Zum Ende des Paulusjahrs
sehen türkische Christen neue Hoffnungssignale. Nach Medienberichten erwägt der Kultusminister
der Türkei, das griechisch-orthodoxe Priesterseminar auf der Insel Chalki im Marmarameer
wieder zu erlauben. Doch trotz dieser Ankündigung der türkischen Regierung gilt vorerst:
Christliche Kirchen haben in der Türkei keine Chance, Nachwuchs auszubilden. Das sagt
Gerhard Duncker im domradio-Interview. Er ist Islambeauftragter der Evangelischen
Kirche von Westfalen. Duncker war viele Jahre als Auslandspfarrer in der Türkei tätig.
„Die
Türkei kennt das Recht der freien Religionsausübung. Das gilt aber nur individuell.

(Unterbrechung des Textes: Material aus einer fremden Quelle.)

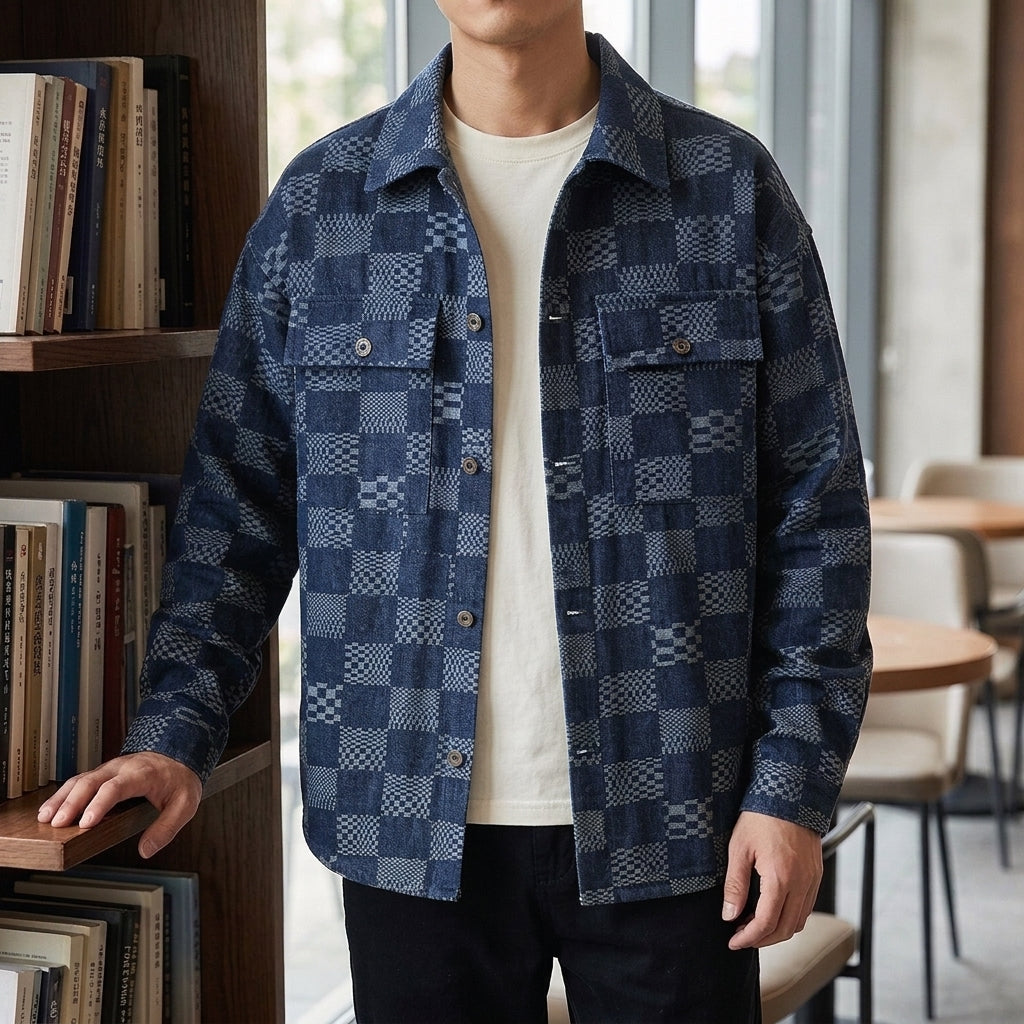 Denim Jacket in Blue showing the tonal patchwork texture and flap chest pockets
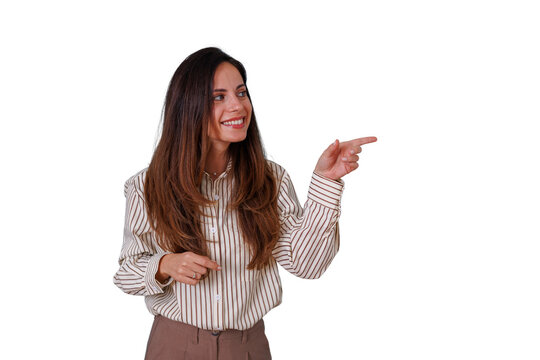 Elegant business woman smiling and pointing finger offering information, presenting ideas, or indicating direction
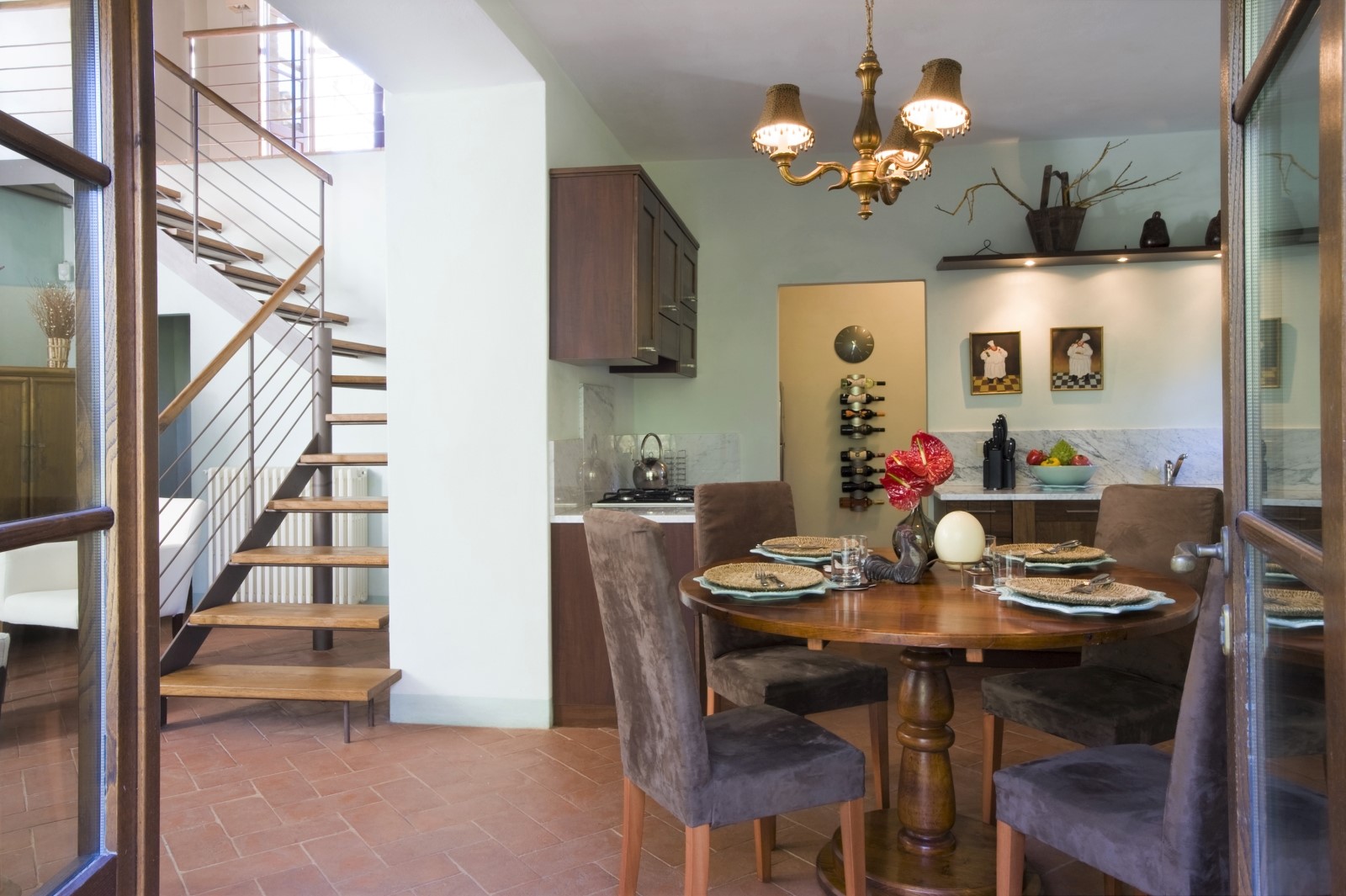 Open plan kitchen and dining area with table, chairs, hanging light and wine store at La Gavelli in Tuscany, Italy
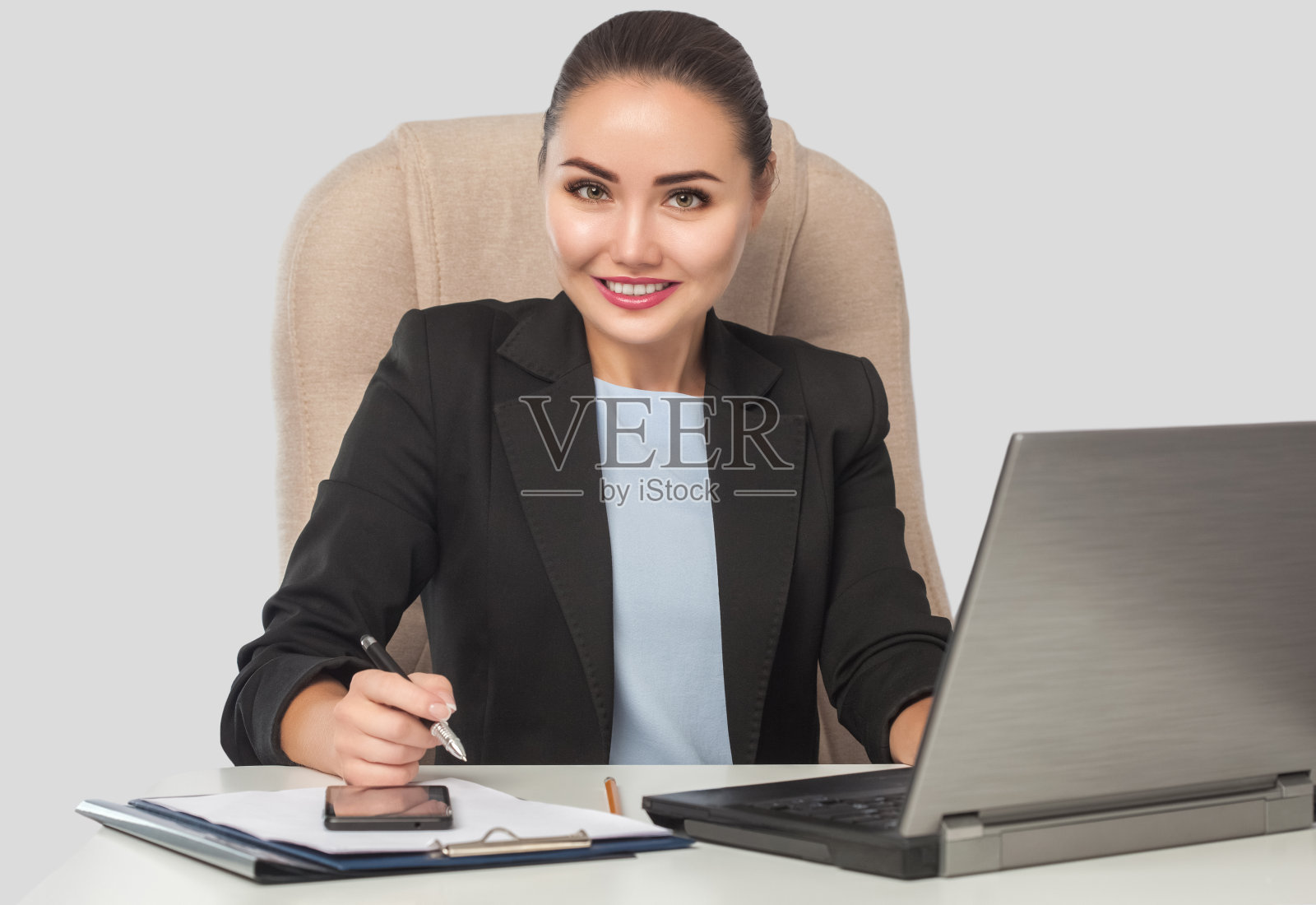 一个微笑的年轻女商人穿着正式的商务套装坐在办公室的桌子上用笔记本电脑工作。照片摄影图片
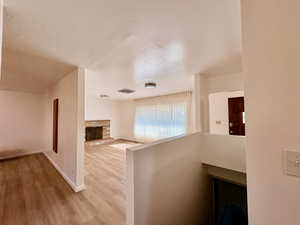 Unfurnished living room featuring wood finished floors, a textured ceiling, and a fireplace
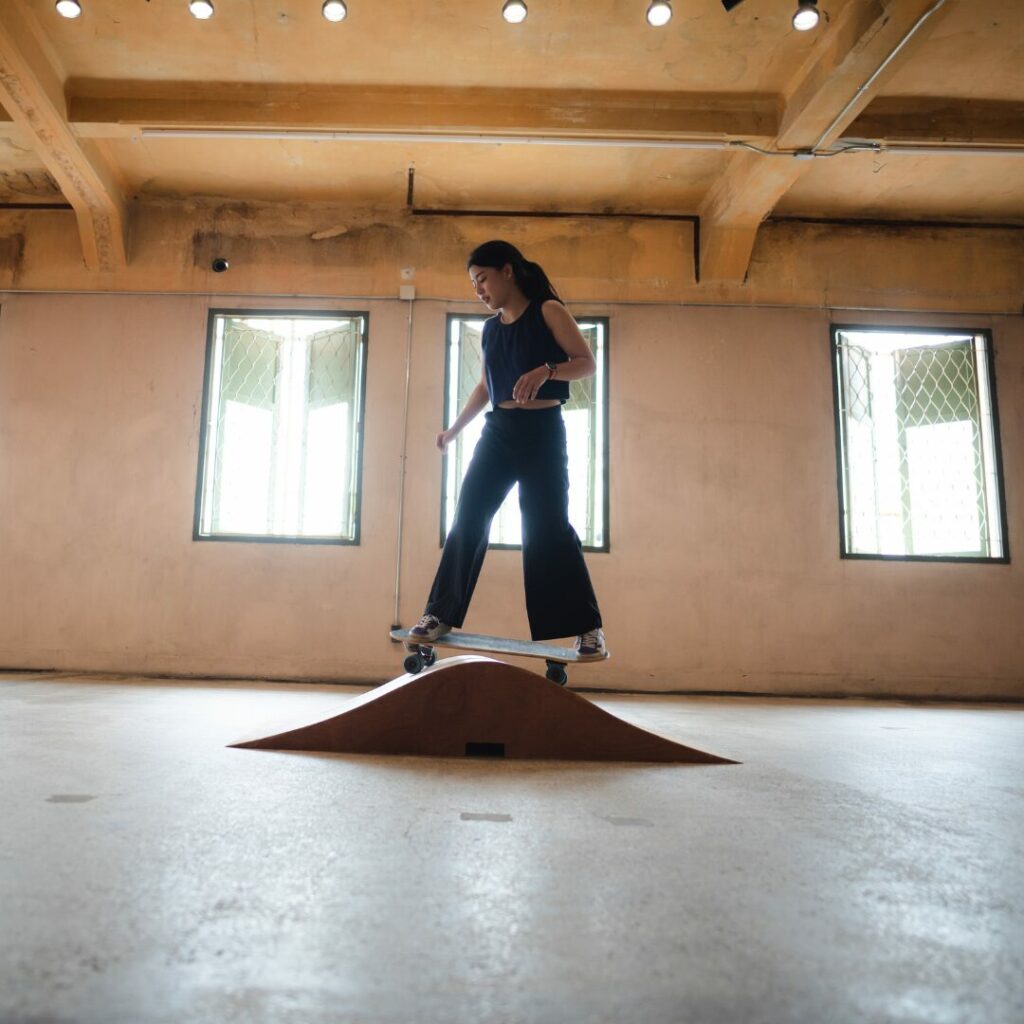 Teen skateboarding in indoor skatepark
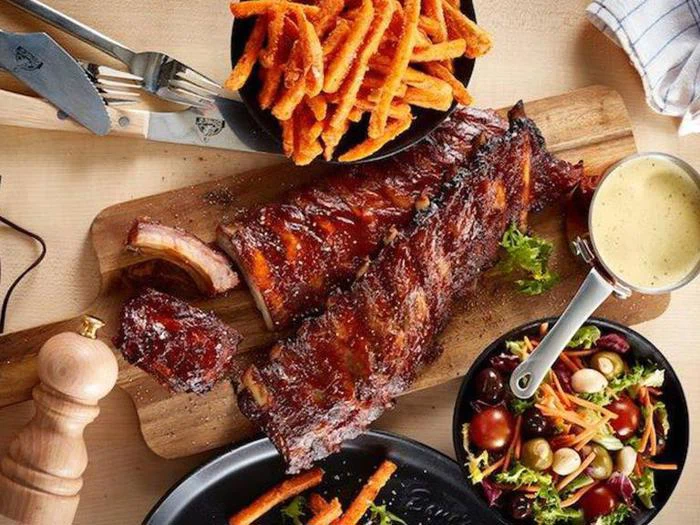 Grillede ribben på et træbræt med søde kartoffelpommes frites, en skål blandet salat og en lille gryde med cremet dippingsauce ved siden af.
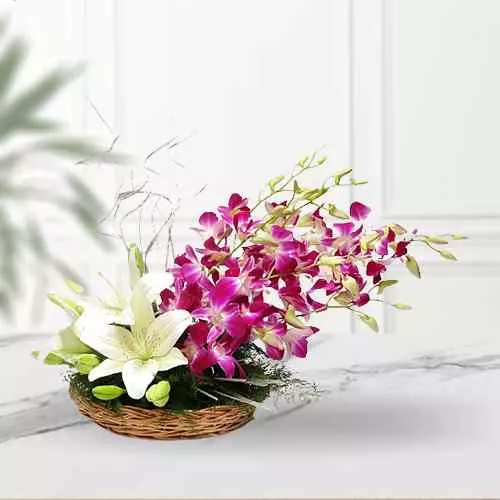 Sending Basket Arrangement of White Lilies and Orchids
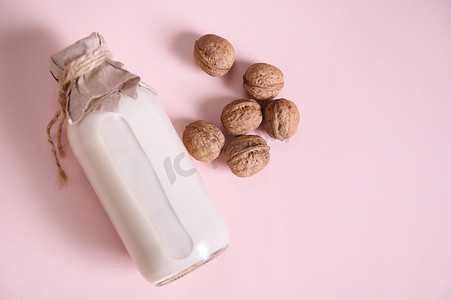 饮料瓶摄影照片_平躺瓶，配有健康植物牛奶和核桃，粉红色背景，带复制空间。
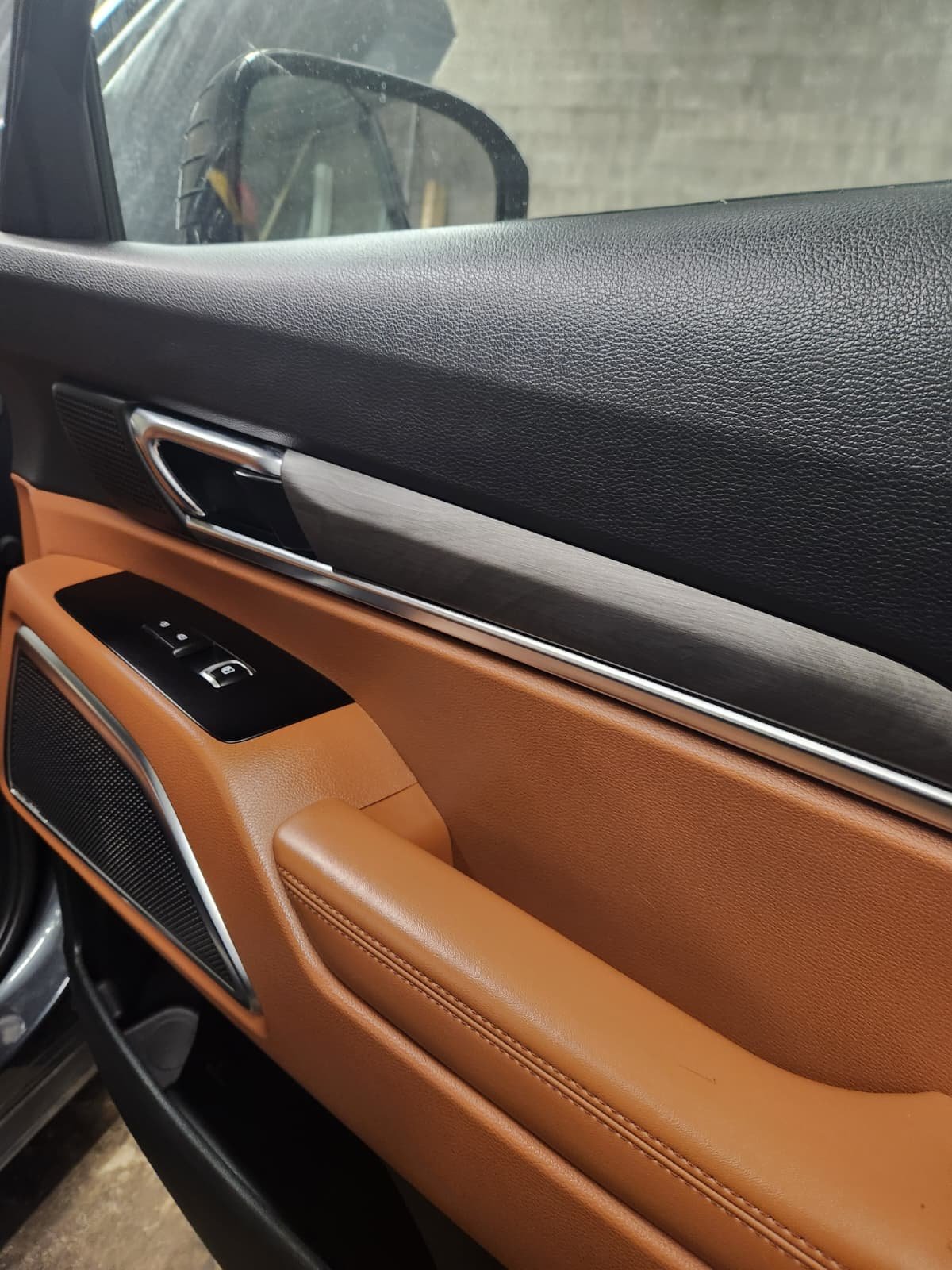 Close-up of a car door interior with black, gray, and tan leather materials, silver door handle, and window control buttons.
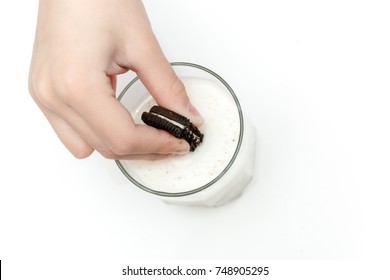 Hand Dipping Cookies In Milk On A White Background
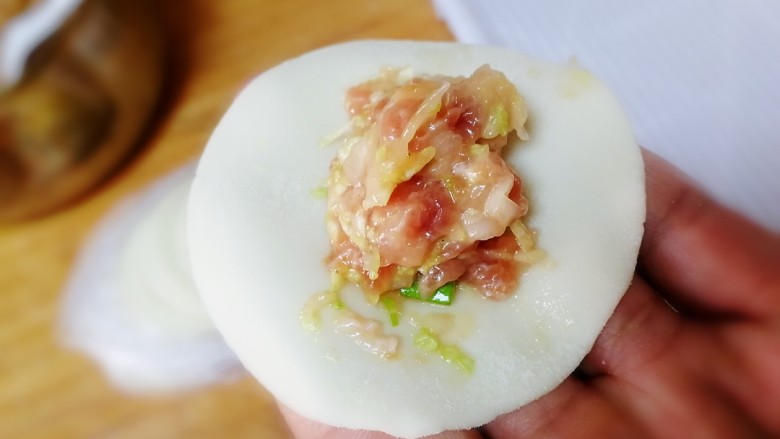 猪肉白菜水饺,取一个<a style='color:red;display:inline-block;' href='/shicai/ 4346'>饺子皮</a>,适量肉馅放在中间,先捏中间,在捏两边,捏紧。(这个时候烧水)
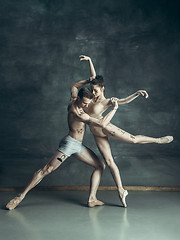 Image showing The young modern ballet dancers posing on gray studio background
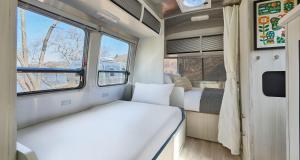 a small room with two beds and a window at AutoCamp Asheville in Asheville +79 photos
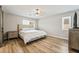 Bright main bedroom featuring a ceiling fan, shutters, and a light wood-look floor at 10565 Olinda St, Las Vegas, NV 89179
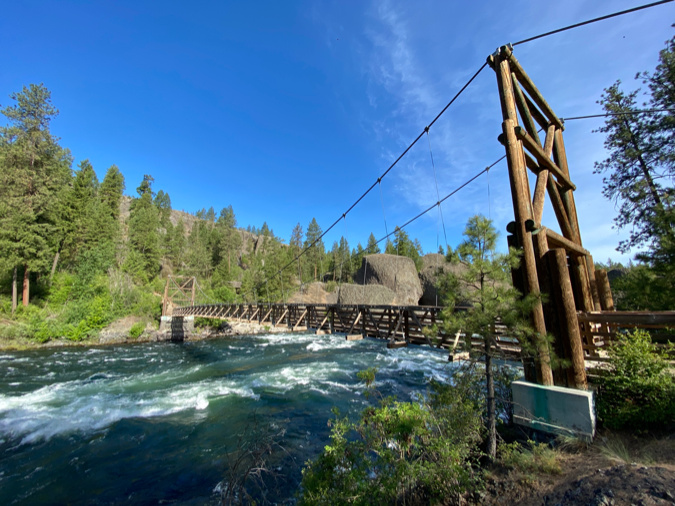 View of a bridge spanning a river at Riverfront State Park in Spokane, Washington, under a clear blue sky.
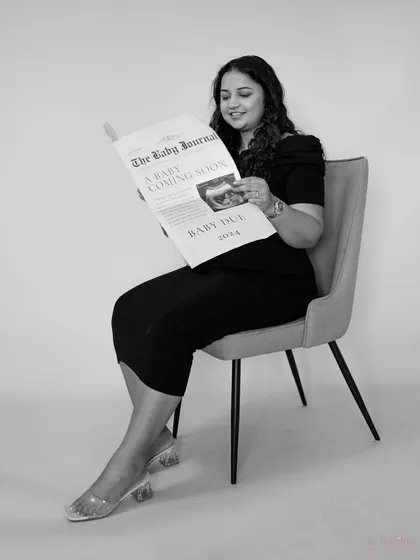 A fun and creative announcement shot, rendered in beautiful black and white. It gives a classic, old-timey newspaper feel to her special edition 'Baby Journal'.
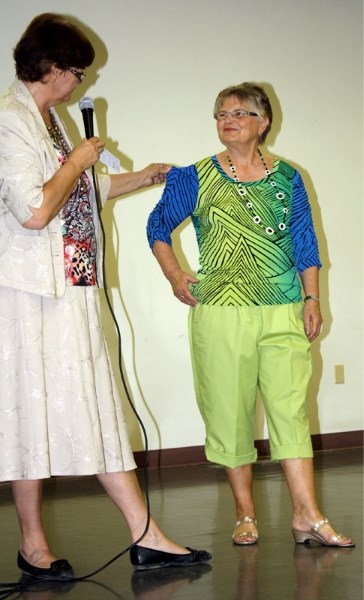 Olga Romanchuk (right) models an outfit while Susan Adam explains how it can be accessorized at the Trade Show for Seniors on June 15.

Anders ausgedrückt: Der Einzelne kann machen und glauben, was er will. Es gibt aber
eine Beschränkung für die Kirchen als Körperschaften. Deshalb darf gegenwärtig keine
Kirche Grundbesitz kaufen oder verkaufen. Die Kirche kann kein Rechtsubjekt sein und
das ist ein ganz großer Nachteil.“
Deshalb können Kirchen offiziell auch
kein Personal anstellen. Nun soll sich das aber ändern. Gerhard Duncker:
„Das
bisherige Verbot galt allgemein für private religiöse Hochschulen. Damit wollte der
türkische Staat vor allem nicht kontrollierbare muslimische Bildungsstätten begrenzen.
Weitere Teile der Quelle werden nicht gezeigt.